The most successful centers will go beyond the bounds of "cookie cutter" entertainment center design and reinvent "value" for the consumer. Projects will be characterized by imaginative architecture, brand-name restaurants and participation (try before you buy) retail.

Ultimately, the regional mall will be reinvented around entertainment, and many malls will have to change their format, downsize or fail. However, for the owners and developers that execute the entertainment formula imaginatively, dollar volumes and profits will be impressive.

John B. Allen is a Villa Park, Calif., consultant to Chicago-based Grubb & Ellis. This article is excerpted with permission from "Shopping Centers And Entertainment," published originally in Investment Outlook, a real estate investment report published quarterly by Grubb & Ellis.

* Entertainment centers with strong initial impact have these features in common: * They have two or three strong, exciting anchor tenants that generate repeat visits. * The location is well-known. * There is a large daytime population in the market area. * The primary market area has 3 to 4 million people. * The project has strong marketing and experienced, focused management. * The project is different, unique, and has an exciting atmosphere. A multiplex theater may be part of it, but that is not enough to sustain long-term success. Uniqueness has a way of fading quickly. * The project is kept focused on entertainment. * The restaurants and entertainment components are kept fresh. * A desirable experience is provided and maintained. Sheer size will not overwhelm the market over time.

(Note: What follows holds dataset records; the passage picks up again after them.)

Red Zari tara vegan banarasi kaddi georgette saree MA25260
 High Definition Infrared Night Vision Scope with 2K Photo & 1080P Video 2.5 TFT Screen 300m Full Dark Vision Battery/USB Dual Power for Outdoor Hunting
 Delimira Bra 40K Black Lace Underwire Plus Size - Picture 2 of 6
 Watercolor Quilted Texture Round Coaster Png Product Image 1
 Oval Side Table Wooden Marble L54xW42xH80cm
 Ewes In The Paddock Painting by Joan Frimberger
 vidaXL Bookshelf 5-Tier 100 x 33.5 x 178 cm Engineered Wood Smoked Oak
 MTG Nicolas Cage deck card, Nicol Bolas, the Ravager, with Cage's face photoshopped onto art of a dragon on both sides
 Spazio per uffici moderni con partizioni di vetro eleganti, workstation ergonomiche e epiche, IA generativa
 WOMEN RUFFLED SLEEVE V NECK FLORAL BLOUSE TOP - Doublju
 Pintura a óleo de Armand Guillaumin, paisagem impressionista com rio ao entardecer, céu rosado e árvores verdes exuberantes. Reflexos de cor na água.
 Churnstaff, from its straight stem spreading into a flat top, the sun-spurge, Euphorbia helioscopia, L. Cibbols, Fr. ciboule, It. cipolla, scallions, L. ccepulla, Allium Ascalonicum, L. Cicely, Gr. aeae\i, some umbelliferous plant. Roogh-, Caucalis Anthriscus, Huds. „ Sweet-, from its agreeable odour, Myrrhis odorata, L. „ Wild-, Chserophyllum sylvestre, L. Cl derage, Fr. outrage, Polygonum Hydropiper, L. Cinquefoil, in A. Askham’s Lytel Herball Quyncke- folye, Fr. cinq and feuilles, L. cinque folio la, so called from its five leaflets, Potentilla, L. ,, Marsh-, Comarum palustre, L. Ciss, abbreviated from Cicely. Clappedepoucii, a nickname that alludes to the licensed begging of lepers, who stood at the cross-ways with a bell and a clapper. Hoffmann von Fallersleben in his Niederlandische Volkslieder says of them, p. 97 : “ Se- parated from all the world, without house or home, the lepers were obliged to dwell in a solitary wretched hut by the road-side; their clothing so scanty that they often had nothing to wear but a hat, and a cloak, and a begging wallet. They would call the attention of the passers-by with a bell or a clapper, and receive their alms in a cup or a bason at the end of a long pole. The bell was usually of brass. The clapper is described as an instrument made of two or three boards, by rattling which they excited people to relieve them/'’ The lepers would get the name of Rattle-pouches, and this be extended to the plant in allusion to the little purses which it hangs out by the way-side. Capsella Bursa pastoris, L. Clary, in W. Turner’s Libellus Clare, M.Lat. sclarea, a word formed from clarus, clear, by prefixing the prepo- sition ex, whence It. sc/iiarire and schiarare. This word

The following are some of the developmental and operational elements that are essential to a successful center: * Sites must be accessible. * High crime areas should be avoided. * Local government must be committed to maintaining the uniqueness of the area. Zoning and other necessary legislative changes must be forthcoming. Sufficient police protection must be available. Owners should be in constant touch with local governments and document the contribution the project is making to the betterment of the community. * Owners should avoid creating any teen hangouts. * The center must provide enough parking. Shared parking means nighttime availability only. Customers should not be required to walk long distances from parking to the project. Center owners should have needed agreements with, and cooperation from, neighborhood property owners. * Adequate public transportation should provide access to the site. * The merchant's association should be active and on good terms with neighboring local merchants.